September 20, 2019 | by kevin gardner

Moving any distance can be a traumatizing event. In fact, statistically, the psychological and emotional impact is right up there with death and divorce. Seem too radical? Think again. Here, we'll cover how to know if moving out of state is right for your family. We understand that every family dynamic is different. The definition of what a family is varies as well. There will always be subtle differences but there are valuable points to ponder. So, let's get started.

1. Why do you want or need to move out of state?

This is a logical question. How and when you execute the move is determined by your answer. For example, you may have outgrown where you live. In this case, there may be less urgency than a job or transfer. If it's totally under your control, then you must address any timing issues you may have. If it's out of your control, then you may have to decide on whether or not you'll take the job. These are just two scenarios that may take a family out of state.

2. What's your family dynamic and will their needs be met?

So, what do we mean by needs? Do you have kids? Do you have elderly parents or other family members living with you? Is there anyone with special needs either mentally or physically that will need care? Are you a married couple with no kids? If you move, do you expect to have children? What are the school districts like in the area? Once you take that into account, you can then decide on the rest. 

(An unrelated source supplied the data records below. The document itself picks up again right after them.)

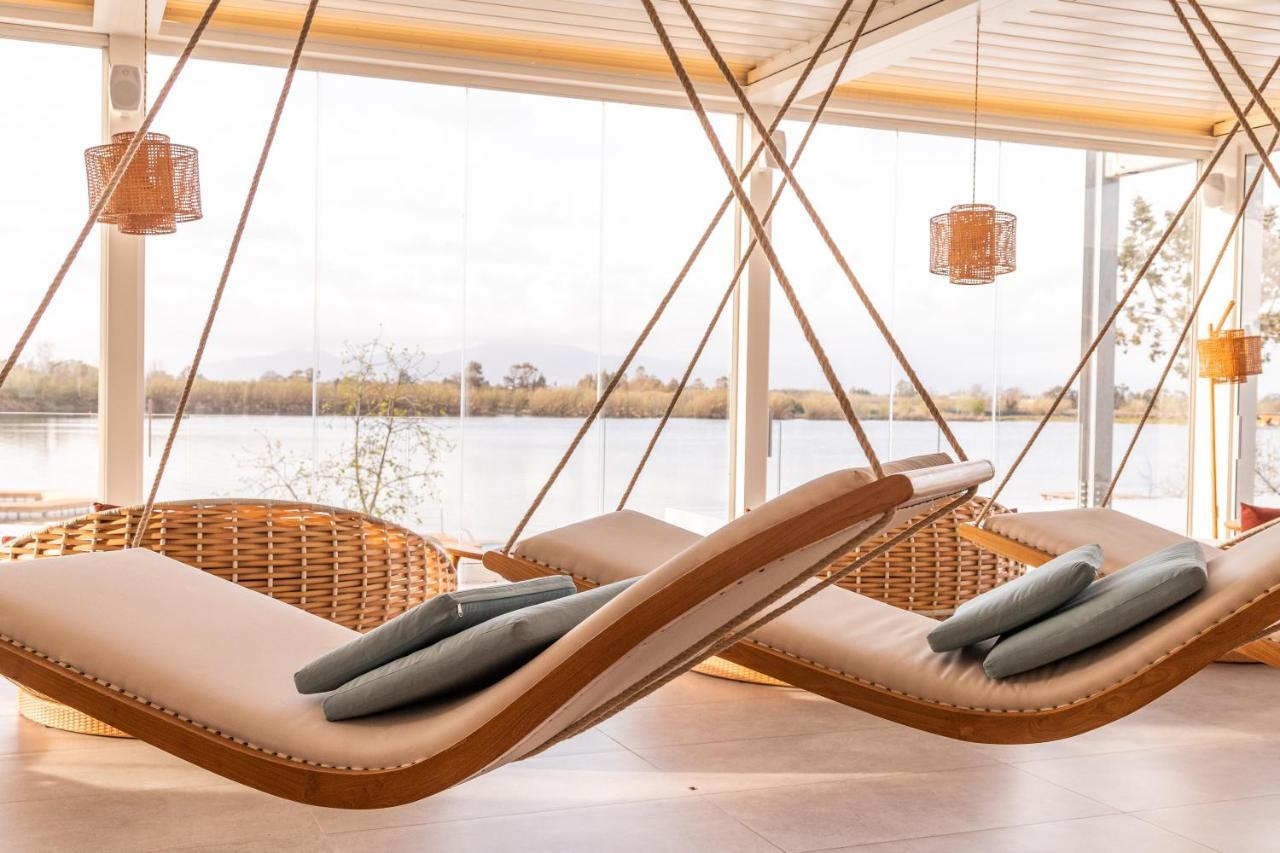 Nabi Resort Glamping & Spa 카스텔볼튜노 외부 사진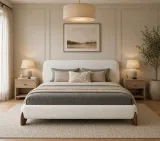 Siena Scallop Bed thumbnail 3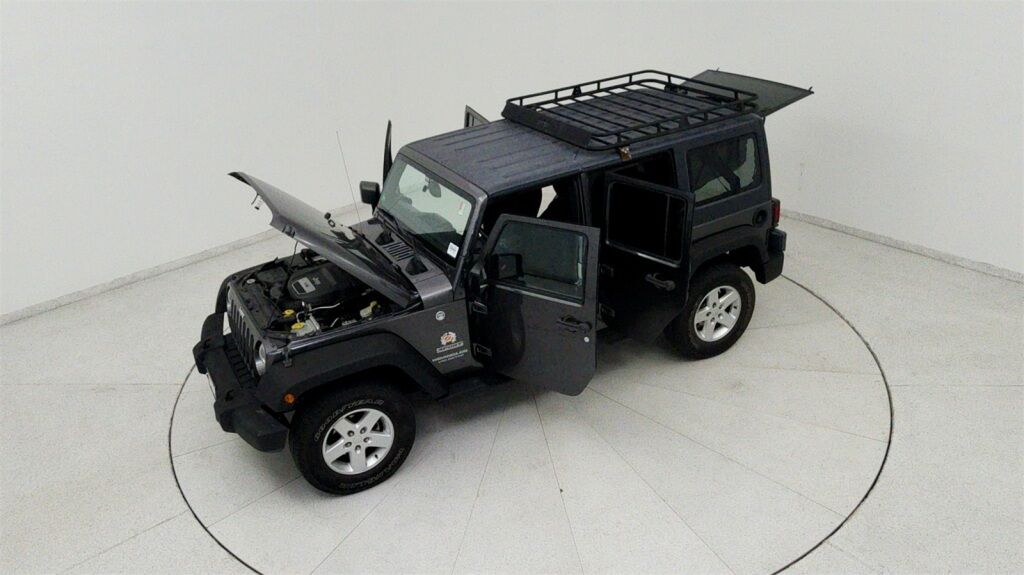 2017 Jeep Wrangler Unlimited Sport Laurel MD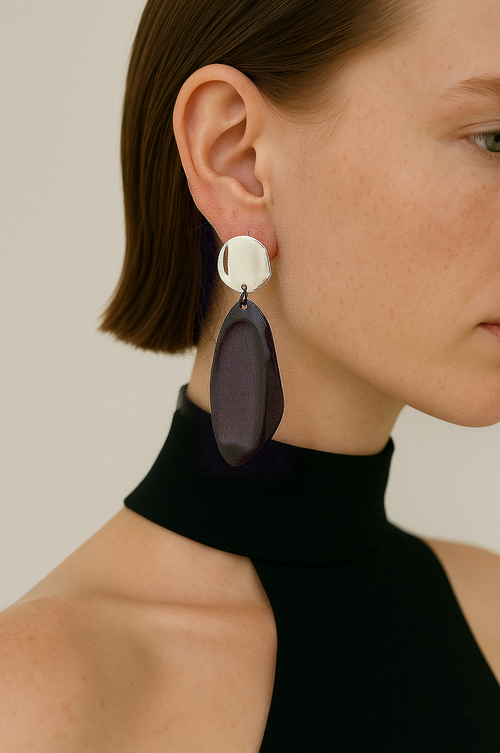 Blackwood Earrings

3. What type of living do you prefer?

If you're moving out of state, you'll probably want to be there for quite a while. Living comfortably in a lifestyle that you'll enjoy is important. For example, if you live in the country or suburbs and are used to wide-open spaces, fresh air. Also think about all the possible opportunities. For example, if you move to Texas, getting solar panels on the house could be a great opportunity to turn your new home into your dream home.

Take stock in what you're losing and what you're gaining. List it on paper and sit with the decision-makers in your family. From that list, make another one prioritizing the important things. What are the deal breakers? What can't you live without? Consider what you can sacrifice. If you're left with more to lose, then you may want to reconsider moving your family out of state. If you have more to gain and your quality of life will improve then a move is in order.

4. Consider the long-term effects.

Depending on your reasons for your move and timing, you should look at neighborhoods and schools that fit your list of priorities. There are plenty of websites that will compare everything between cities and states. These statistics include crime rate, cost of living, schools, rents, mortgage rates, etc.

Will you be able to take part in the same hobbies and interests that you currently do? How old are the children? Have they made close friendships that may be traumatizing to leave? Have you done the same? These are all considerations that stem from the mental, emotional, and physical reasons to consider. Will both of you have to work to be able to accommodate a more expensive state?

Ultimately, the choice is made through clear and honest communication between family members. This includes the children if they're old enough to understand what's going on. You won't really know if the decision was a good one until you get there and you've lived in your new state. That's just the risk you take when you move to an unfamiliar place.

Look at it this way, people get up and move to other countries, too; and they do it with kids. So, view it as an adventure and understand that it's ultimately what you make it. If you choose a neighborhood and you can afford it, you may want to rent for a while first before jumping into a mortgage. Maybe rent your home out instead of selling for a limited period. All of these suggestions are there to make steppingstones a bit easier to make the jump. At the end of the day, you can always return.